Chapter 2: Current Status of Nepal Biodiversity Strategy and Action Plan

2.1 Overview

The Nepal Biodiversity Strategy (NBS) is an important tool for implementing the provisions under CBD. It serves as an overall framework for the conservation and sustainable use of biodiversity and biological resources through the management of habitat, species and genetic diversity in the country.

The Nepal Biodiversity Strategy Implementation Plan (NBSIP) is a framework to materialize the vision of the NBS into practical actions for effective conservation of biodiversity and sustainable use of its resources. The overall goal of the NBSIP is to contribute to achieve the goals and objectives of NBS through its successful implementation of the conservation of biological diversity, the maintenance of ecological processes, and the equitable sharing of the benefits accrued.
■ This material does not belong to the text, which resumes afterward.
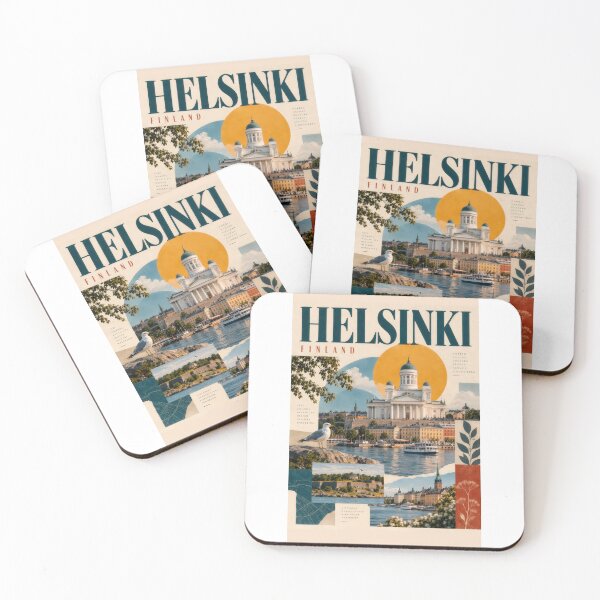 Item preview, Wall Art - Postcard - Helsinki Travel Poster | Vintage Finland City Collage  designed and sold by ForeverPrintsOK.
The objectives of the NBSIP set for the period of 2006-2010 are to: (i) conserve biodiversity of Nepal within and outside protected areas; (ii) identify, develop and establish legislative, policy and strategic measures necessary to conserve, sustainably utilise and provide access to and share benefits of Nepal's biological resources; (iii) conserve endangered species of wildlife; (iv) develop legislation (viz. sui generis legislation, access to genetic resources and benefit sharing), sub-sectoral policies and strategic measures; (v) develop sustainable eco-friendly rural tourism; and (vi) domesticate NTFPs and explore marketing opportunities for poverty reduction.



The NBSIP, developed in 2006, has identified 13 priority concept projects to be implemented by relevant executing agencies (mostly national) in consultation with the concerned stakeholders. These projects belong to seven sectors that include six thematic areas and one cross-sectoral area. Altogether, 24 criteria are used to select the priority projects comprising: (i) biological criteria; (ii) socio-economic criteria,;and (iii) socio-cultural criteria. In addition, 14 cross-cutting criteria related to poverty reduction, cultural heritage, environment and ecotourism were also used. The projects were ranked in terms of priority determined by the concerned stakeholders.
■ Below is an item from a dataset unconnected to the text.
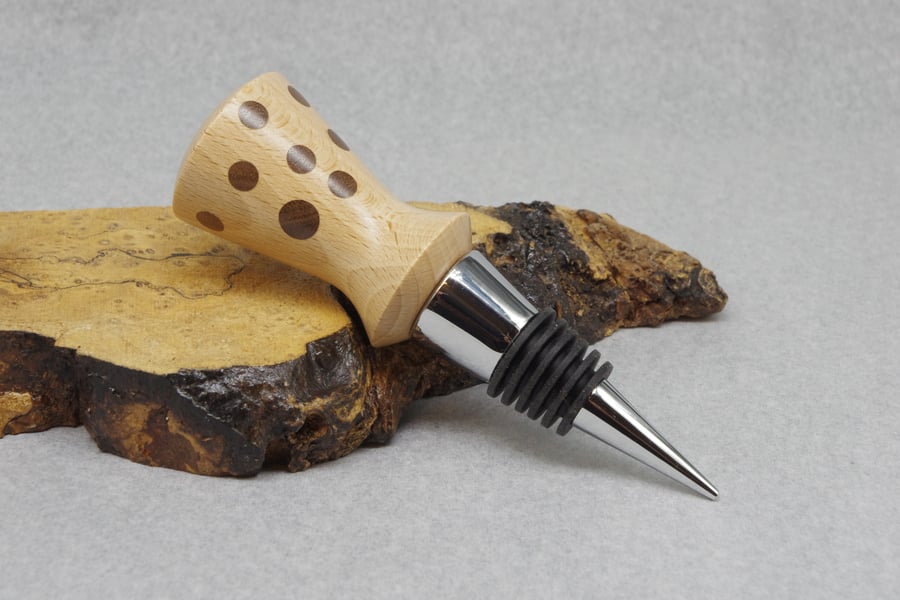 Hand Turned Wooden Bottle Stopper. Beech with Walnut dots.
International targets and indicators recommended by COP 7 (2004) were not adequately considered during the development of NBSIP and the Nepal Third Report to the CBD. So, an attempt in the Nepal Fourth National Report has also been made to identify Nepal's biodiversity target for 2010 based on the assessment of progress made in the implementation of all 13 prioritised concept projects identified under NBSIP. The parameters used to identify the status of the priority projects are qualitative and adapted from the Millennium Development Goals of Nepal (2005) with some modifications. For example: 'Will objectives be reached' has four categories: (i) Achieved; (ii) Likely; (iii) Less likely; and (iv) Lack of data. The next parameter used is 'Status of supportive environment', also comprises four categories: (i) Strong; (ii) Fair; (iii) Weak but improving; and (iv) Weak.
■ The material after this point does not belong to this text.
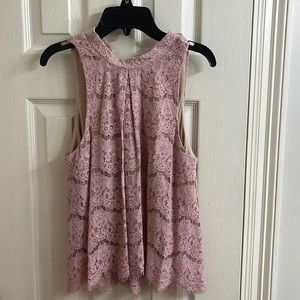 Pink lace halter top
In the category 'Will the objectives be reached,' more than 50% of the objectives of the 13 priority projects identified under NBSIP show progressive trend and are considered likely to be achieved. These objectives are found to be of high level consistency, well focused and community-oriented. Similarly, the status of supportive environment in general is 'Weak' for the priority projects, particularly those projects that require coordination between two or more institutions and additional funding. However, many project objectives are having 'Fair' supportive environment and may be achieved by 2010.

A general review of the NBSIP during the preparation of this report has underpinned the need of a greater attention on key priorities that are linked to participatory conservation approaches with livelihoods links. For specific objectives of the projects, quantitative, measurable and realistic targets need to be developed by 2010 for the period of 2011-2015. The process has been initiated by the MFSC.